A PULP SoC for education, easy to understand and extend with a full flow for a physical design.

Install / Use

/learn @pulp-platform/Croc
About this skill

Quality Score

0/100

Category

Design

Supported Platforms

Universal

README

Croc System-on-Chip

A simple SoC for education using PULP IPs. Croc includes all scripts necessary to produce a nearly finished chip in IHPs open-source 130nm technology.

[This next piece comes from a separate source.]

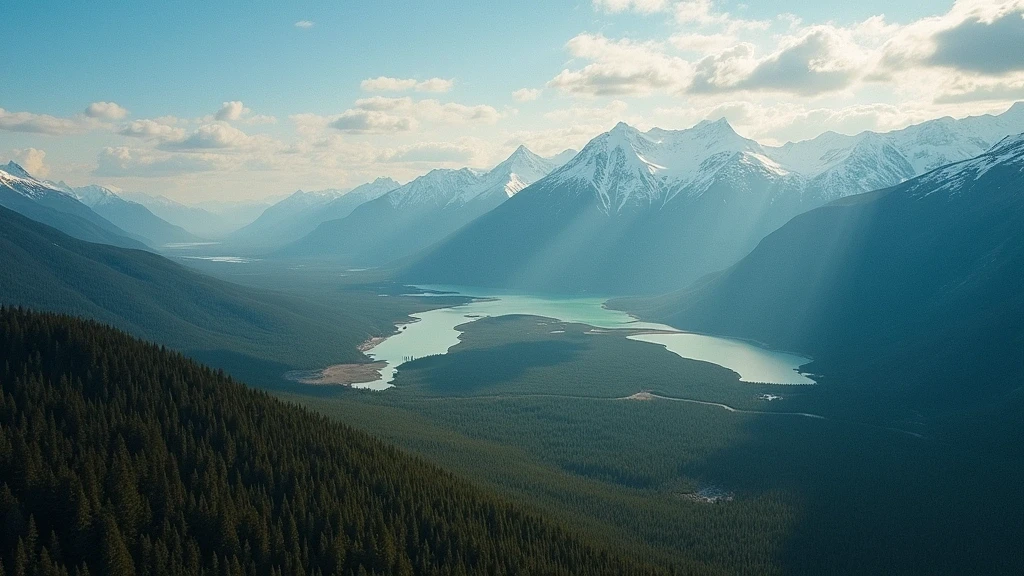 Luftaufnahme der Altai-Berge und Taiga in Sibirien zur goldenen Stunde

As it is oriented towards education, it forgoes some configurability to increase readability of the RTL and scripts.

Croc is developed as part of the PULP project, a joint effort between ETH Zurich and the University of Bologna.

Croc was successfully taped out in Nov 2024 in the chip MLEM, named after the sound Yoshi makes when eating a tasty fruit. MLEM's core functionality was verified on real silicon early 2026.
MLEM was designed and prepared for tapeout by ETHZ students as a bachelor project. The exact code and scripts used for the tapeout can be seen in the frozen mlem-tapeout branch.

Architecture

Croc block diagram

The SoC is composed of two main parts:

  • The croc_domain containing a CVE2 core (a more minimal fork of Ibex), SRAM, an OBI crossbar and a few simple peripherals
  • The user_domain where students are invited to add their own designs or other open-source designs (peripherals, accelerators...)

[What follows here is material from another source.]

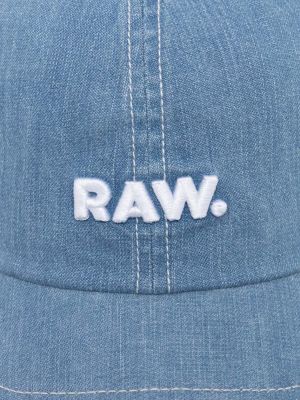 Bombažna kapa z zvezdico G-star Raw modra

The main interconnect is OBI, you can find the spec online.

The various IPs of the SoC (UART, OBI, debug-module, timer...) come from other PULP repositories and are managed by Bender. To make it easier to browse and understand, only used or important building blocks are included in rtl/<IP>. You may want to explore the repositories of the respective IPs to find their documentation or additional functionality, the urls are in Bender.yml.

Configuration

The main SoC configurations are in rtl/croc_pkg.sv:

| Parameter | Default | Function | |---------------------|------------------|-------------------------------------------------------| | PulpJtagIdCode | 32'h1C0C_5DB3 | Debug module ID code | | iDMAEnable | 0 | Enable optional DMA (see rtl/idma) | | NumSramBanks | 2 | Number of memory banks | | SramBankNumWords | 512 | Number of 32bit words in a memory bank | | BootAddr | 32'h1000_0000 | Default boot address set in 'soc_ctrl' register | | CrocAddrMap | see 'Memory Map' | Routing rules used for the main crossbar | | PeriphAddrMap | see 'Memory Map' | Routing rules used for the peripheral demuliplexer |

Further configurations can be made in rtl/core_wrap.sv (core specifics) and rtl/croc_soc.sv (connectivity between domains and to/from outside).

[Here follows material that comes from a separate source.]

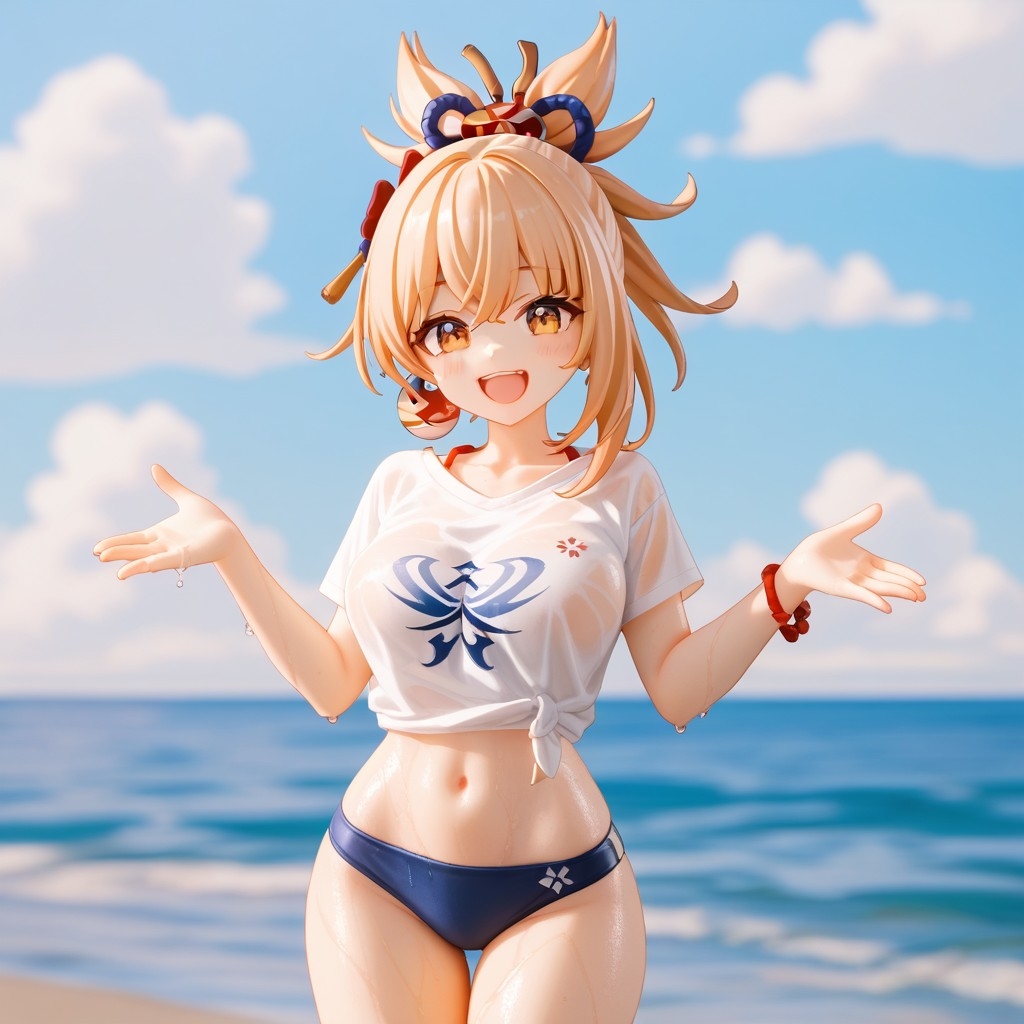 ai_generated bikini_bottom breasts genshin_impact happy large_breasts orange_hair oversized_shirt standing wet wet_body yoimiya_(genshin_impact)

The SRAMs are instantiated via a technology wrapper called tc_sram_impl (tc: tech_cells), the technology-independent implementation is in rtl/tech_cells_generic/tc_sram_impl.sv. A number of SRAM configurations are implemented using IHP130 SRAM memories in ihp13/tc_sram_impl.sv. If an unimplemented SRAM configuration is instantiated it will result in a tc_sram_blackbox module which can then be easily identified from the synthesis results.

Bootmodes

Currently the only way to boot is via JTAG.

Memory Map

If possible, the memory map should remain compatible with Cheshire's memory map.
Further each new subordinate should occupy multiples of 4KB of the address space (32'h0000_1000).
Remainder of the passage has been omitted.